### What you have to do
Output every entry exactly as written, skipping any pictures.

****************

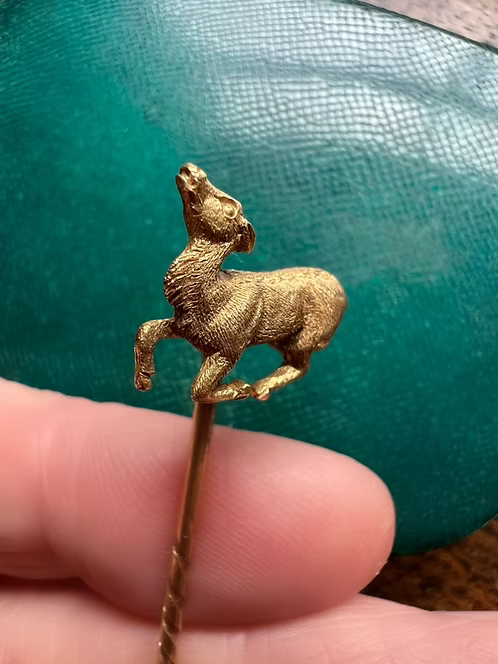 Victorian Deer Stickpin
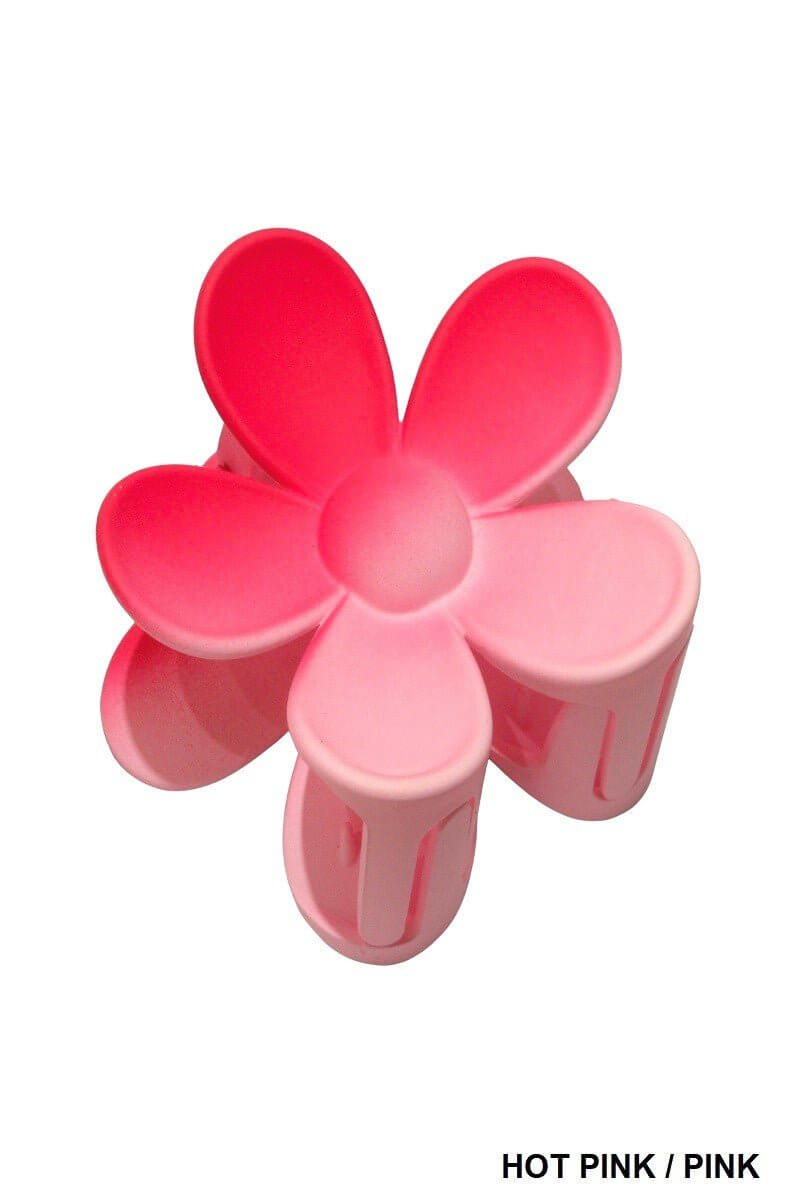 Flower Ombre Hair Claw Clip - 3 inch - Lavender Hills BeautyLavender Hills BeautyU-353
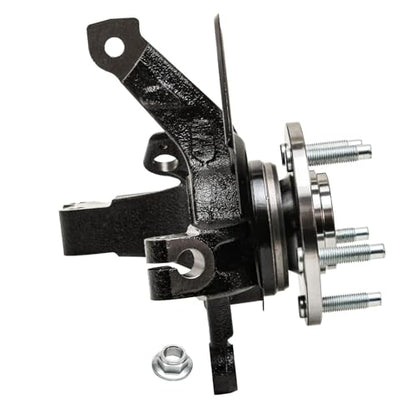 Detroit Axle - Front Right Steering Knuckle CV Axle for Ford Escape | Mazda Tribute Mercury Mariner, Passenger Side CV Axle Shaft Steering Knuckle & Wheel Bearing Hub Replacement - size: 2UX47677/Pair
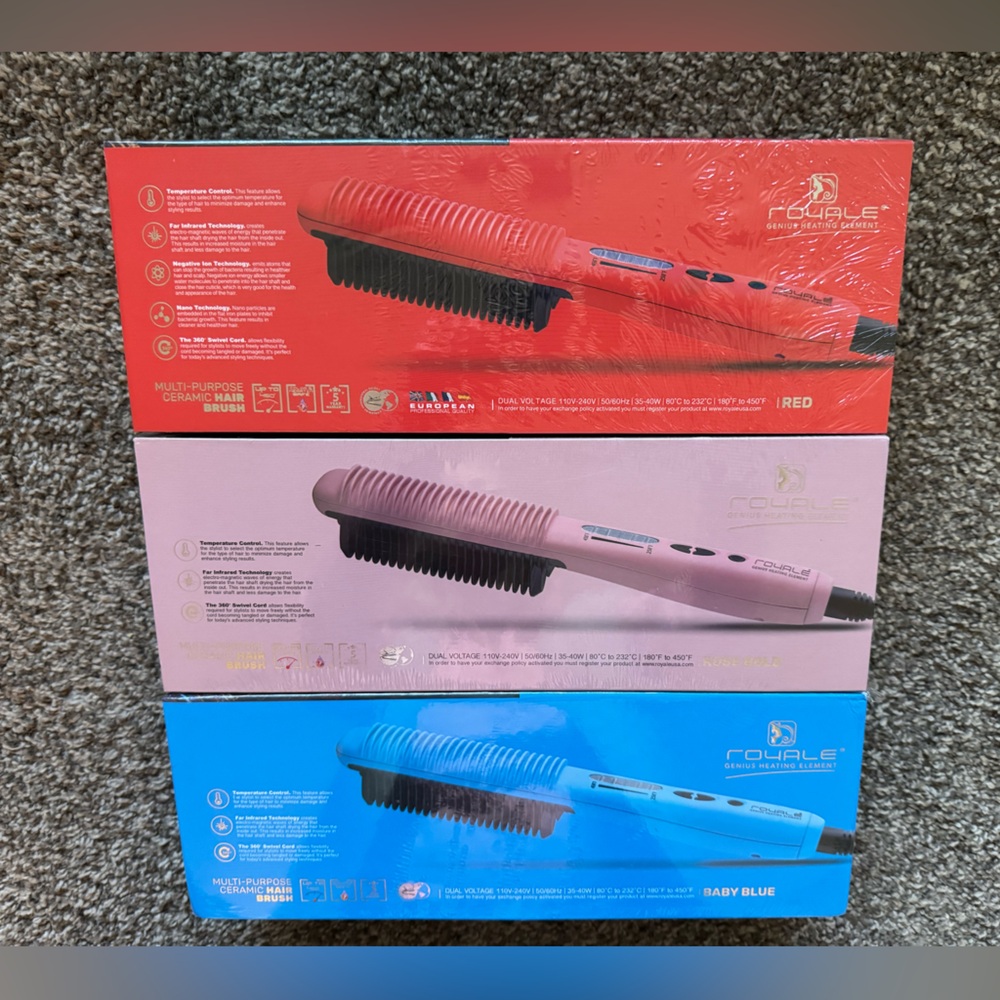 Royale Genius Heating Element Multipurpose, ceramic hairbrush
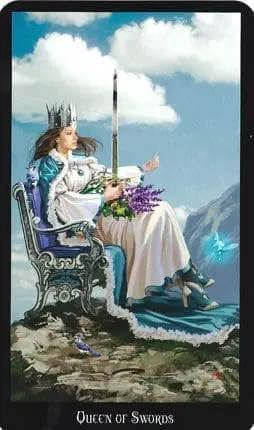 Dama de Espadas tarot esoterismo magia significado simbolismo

****************

### Answer to this exercise
 Victorian Deer Stickpin
 Flower Ombre Hair Claw Clip - 3 inch - Lavender Hills BeautyLavender Hills BeautyU-353
 Detroit Axle - Front Right Steering Knuckle CV Axle for Ford Escape | Mazda Tribute Mercury Mariner, Passenger Side CV Axle Shaft Steering Knuckle & Wheel Bearing Hub Replacement - size: 2UX47677/Pair
 Royale Genius Heating Element Multipurpose, ceramic hairbrush
 Dama de Espadas tarot esoterismo magia significado simbolismo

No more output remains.